Assassin's Creed Valhalla Review
There are plenty of games out in the wild featuring Vikings, or Viking culture, but none have embraced those tenets quite like Assassin’s Creed Valhalla. I say this because, while named “Assassin’s Creed Valhalla”, this is more or less a standalone Viking saga with peppered bits of the titular series thrown in for franchise consistency. Make no mistake, “The Hidden Ones” make an appearance, and our protagonist, Eivor, does learn the ways of the Guild, but at his or her heart, Vikingr blood runs true, and it’s in this embiggened redirection Valhalla sets itself not only apart from most other entries in the series, but also helps elevate it to a perch of near-perfection where this now long-running IP is concerned.
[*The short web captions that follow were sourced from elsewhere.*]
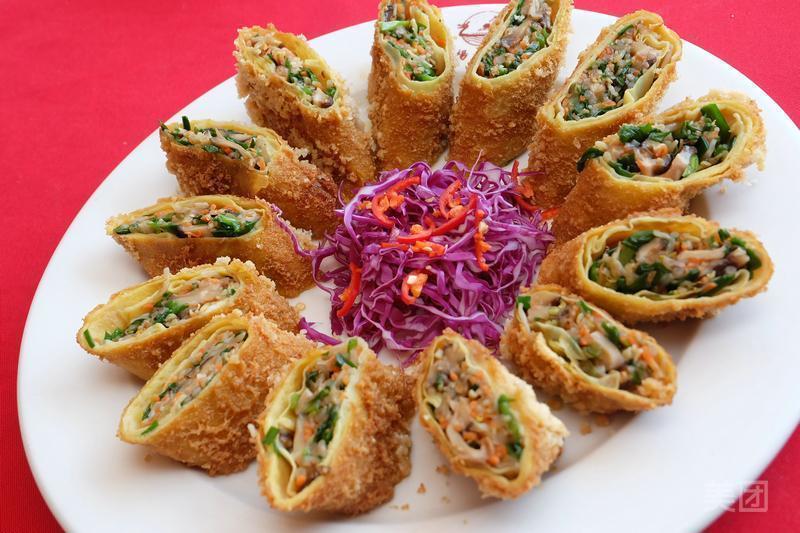 白菜推荐菜:介绍:清真楼是一家清真菜系的餐馆,店内卫生干净,环境优雅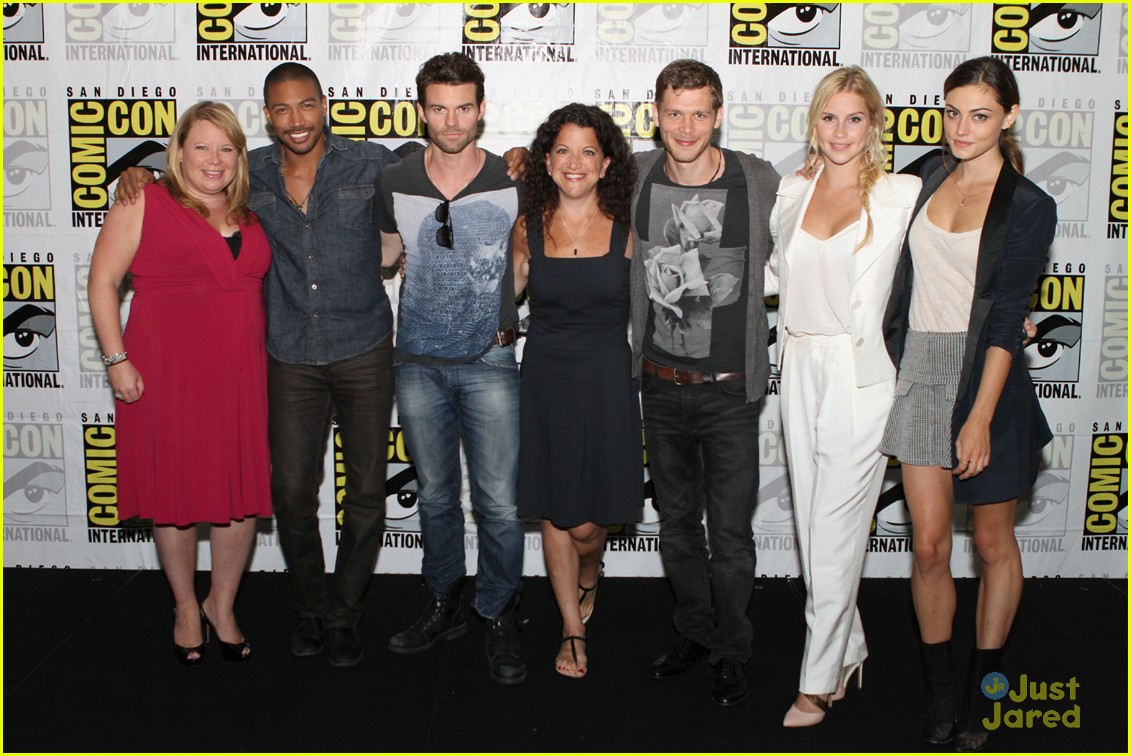 Phoebe Tonkin & Claire Holt: 'The Originals' Panel at Comic-Con 2013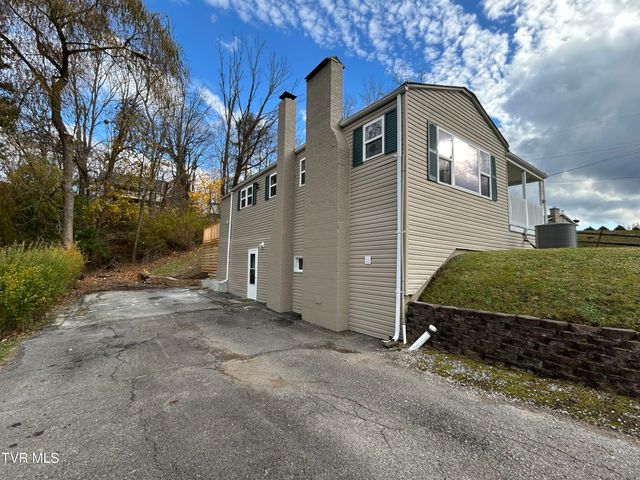 202 Northeast Railroad Avenue, Wise, VA 24293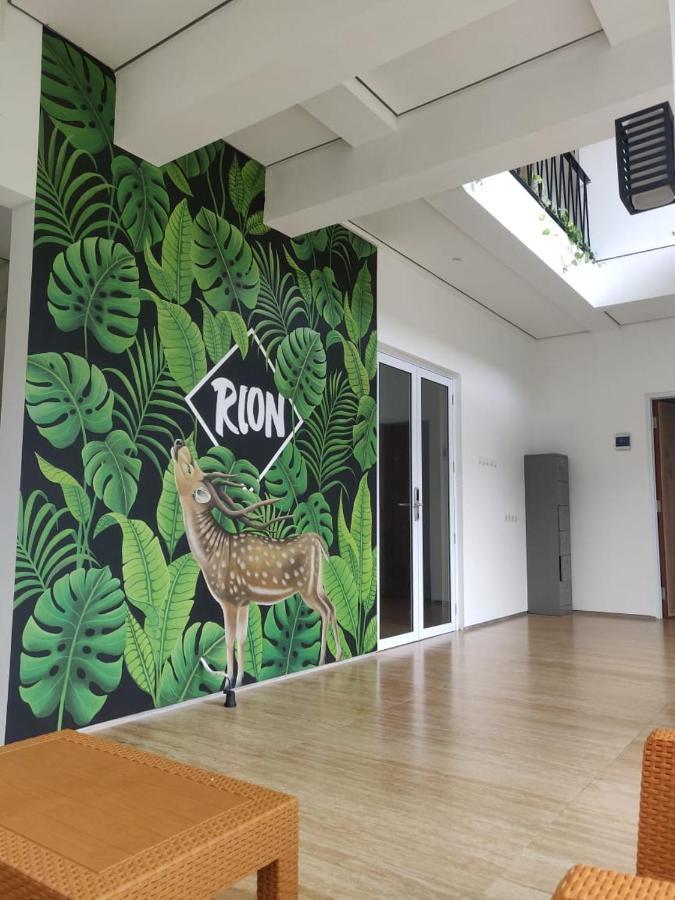Rion Hostel ボゴール エクステリア 写真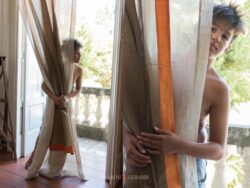Eraclea Tenda Lino Seta Backstage Bambino Balcone Luce Trasparenza
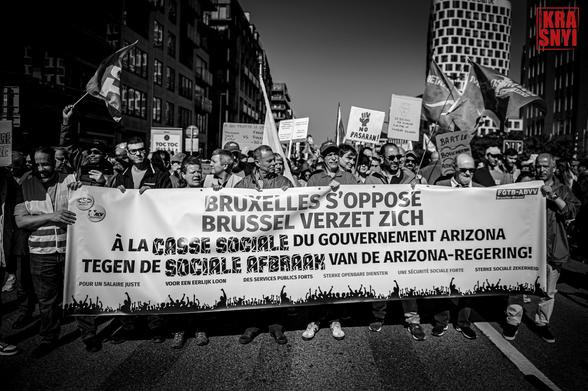 Une banderolle  : "BRUXELLES S'OPPOSE À LA CASSE SOCIALE DU GOUVERNEMENT ARIZONA"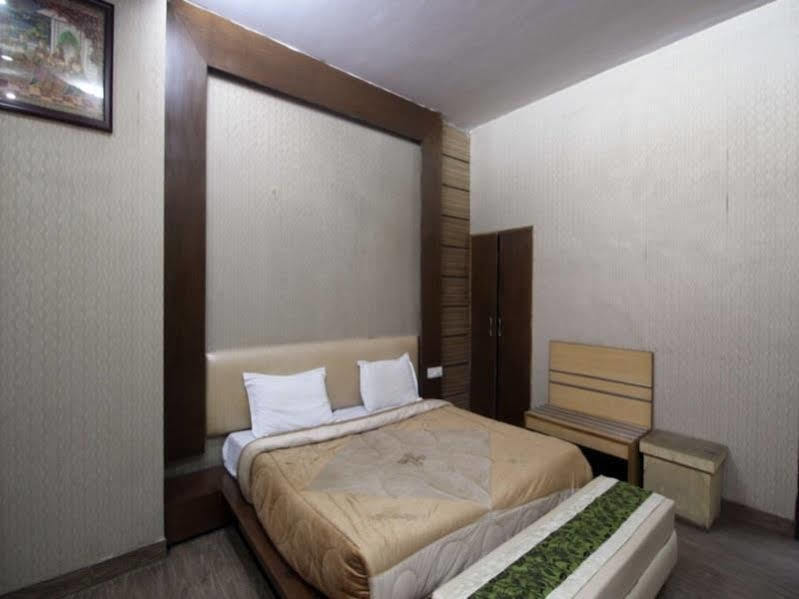 Hotel Delhi Heights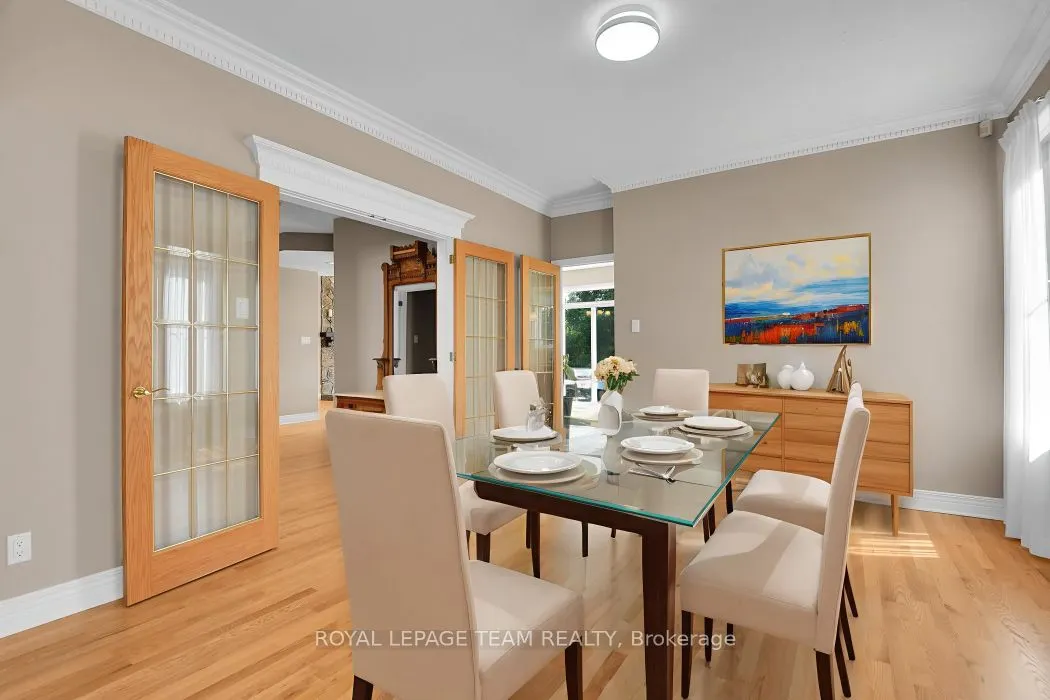 33 Northgate Street S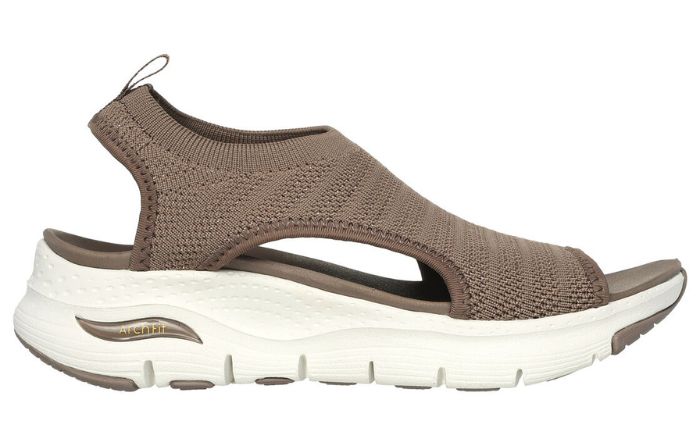 Las Skechers Arch Fit – Darling Days cuentan con el diseño Strech Fit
In short, Assassin’s Creed Valhalla is both the best Assassin’s Creed yet, and also the best Viking game, maybe ever.
Like Ancient Greek culture before it, the Viking pagan beliefs and lifestyle are effectively IRL videogame in makeup; they arm themselves, they raid to get better gear and loot for economical gain. They build, explore and conquer. They even had an early strategy dice game called Orlog that can be attributed to the creation of games of attrition, strategy and chance. Ostensibly RPG in nature, albeit limited to the number of die rolled, and what each die cast. The Vikings kept pets, they employed servants, and shared stories -- watercooler moments of an ice-age past where no tale was too big, too lost, too poetic, or too much.
Sagas, they’re called.
It’s why we know so little about viking culture and history. The Greeks, Egyptians and Romans kept meticulous written records. Their history remains because they intended it to be poured through by future generations. Their structures and conquests still exist today, but the vikings spoke only in verse and song, in words over the hearth, or upon long voyages within the longship. Nothing of their history is concrete beyond the physical we’ve found and how we’ve sewn a tapestry of their lives and cultures together through an archaeological lens. But it’s what also draws us to this culture; the nomadic lives of feuding clans and the machinations of each between whom to side, and whom to sack.